Another area I did a lot of work on was clearinghouses. If clearinghouses had followed their own rules, then bankruptcy, or at least large equity raise from large banks were on the cards. In the end, clearinghouses just ignored their own rules to give de facto bailouts. I have many posts on it, so have a look yourself, but shareholders and clearinghouses have continued to prosper.
The US Federal Reserve really sets the tone for global monetary policy. And since 2018, one key commodity has been sending very deflationary signals in the US at least, and that is natural gas. But in 2022, that deflationary signal has well and truly ended. Note that the spike in 2001, coincided with the dot com bust, and 2008 spike coincided with the GFC. Prices this year, continue to surge.
This change in natural gas has made me think about “Big Short” style trades again.
When you short sell, you are looking for a structure that guarantees to put extreme financial pressure on your targets. So if you think China is going to devalue, then short Chinese companies with USD debt. If you think clearinghouses are going to blow up, short the members who need to pay more collateral. This thinking is very much in line with GFC style shorting, but has been a waste of time for the last decade. However, with natural gas prices surging, maybe it makes sense to look at the one last structure that has been yet to tested – autocallables.
Autocallables or structured products as they are known in Europe, are products mainly sold to retail investors to generate yield. A typical structure involves offering to pay a 5 to 10% yield as long as large benchmark equity index does not fall more than 50%, or rise more than 10%. If the index falls 50%, then the product changes from a yield product to a equity product, and you lose 50% of your initial capital. If the index rises 10%, the yield payments stop, and you get 100% of your capital back. Autocallables are popular globally, but the standout market in recent years has been South Korea. Despite a population of only 50 million, its autocallable market is close in size to Europe or the US. The Korean autocallable market really began to grow in the post GFC period.
In recent months an unusual spread has opened up between VIX (a measure of implied volatility for the S&P 500) and VKOSPI (a measure of implied volatility for the KOSPI 200). Historically, they have tended to move closely together.
While the S&P 500 has better long term returns than the KOSPI 200, returns this year have broadly speaking been inline, making this gap in volatility hard to understand.
Volatility divergences can be warning signs that Korea’s very large autocallable market could be in getting into trouble.

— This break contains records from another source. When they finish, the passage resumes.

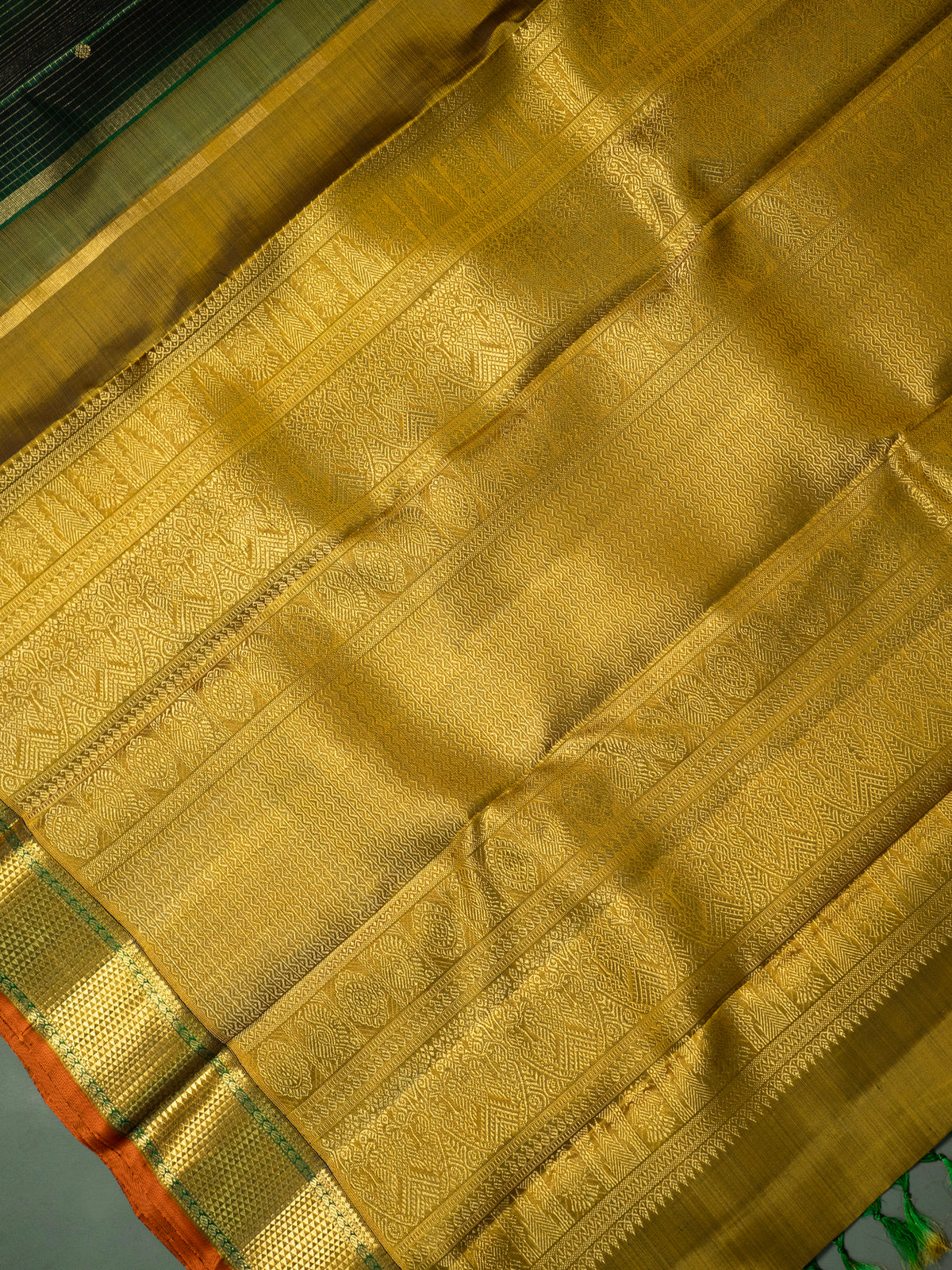 Green Zari checks with butta/Kanjipuram Silk Saree CLSA11609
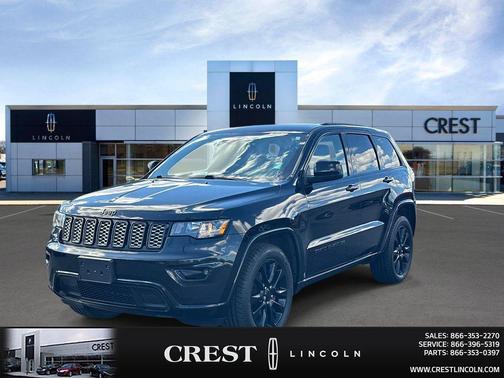 Diamond Black Crystal Pearlcoat 2018 Jeep Grand Cherokee Altitude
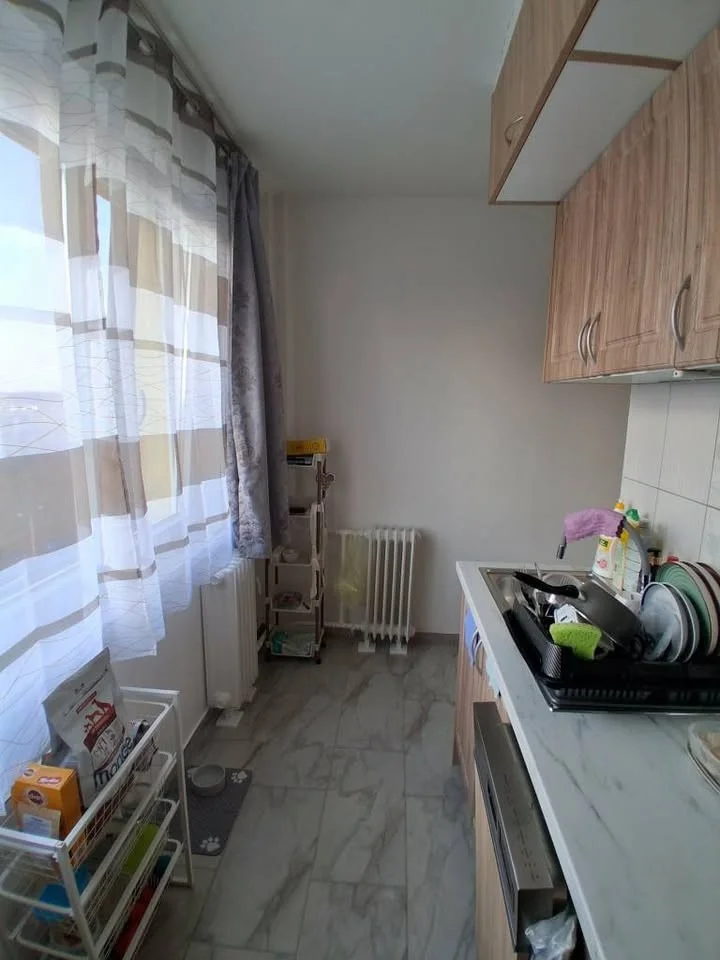 Eladó panel lakás Dunaújvárosban - Kép 2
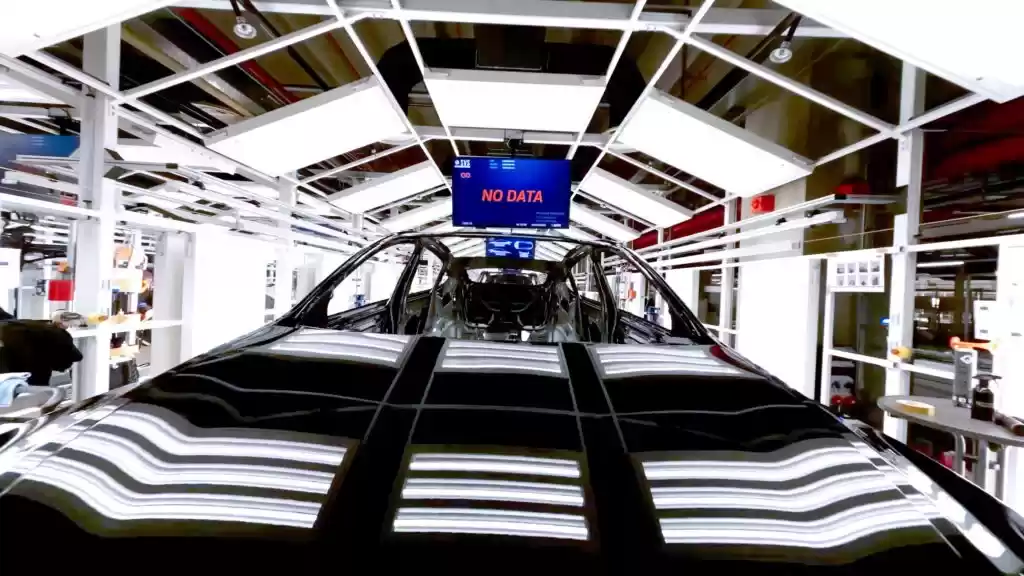 员工称遭机器人猛击受重伤，特斯拉被索赔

One example is the Chinese market in 2015. Due to falling volatility in Korea, it became harder for the structurers to create products with the yield that investors wanted. Korean autocallables then began to sell products linked to HSCEI market, which had much higher implied volatility allowing higher yields. However when capital outflows fears caused Chinese markets to fall in 2015, the HSCEI fell by 50%. Even before the fall in the HSCEI, we saw a growing divergence in VHSCEI and VKOSPI in 2014, which in hindsight was a warning signal. It is noticeable a divergence is growing again this year too.
Issuance of autocallables has been strong, and there are growing divergences in volatility markets. The implication is that volatility could explode higher than people expect, and then stay there. With natural gas prices moving higher, central banks may well be constrained in their ability to bring it down, and save banks and investors that have been short volatility. I will get into more detail with future posts.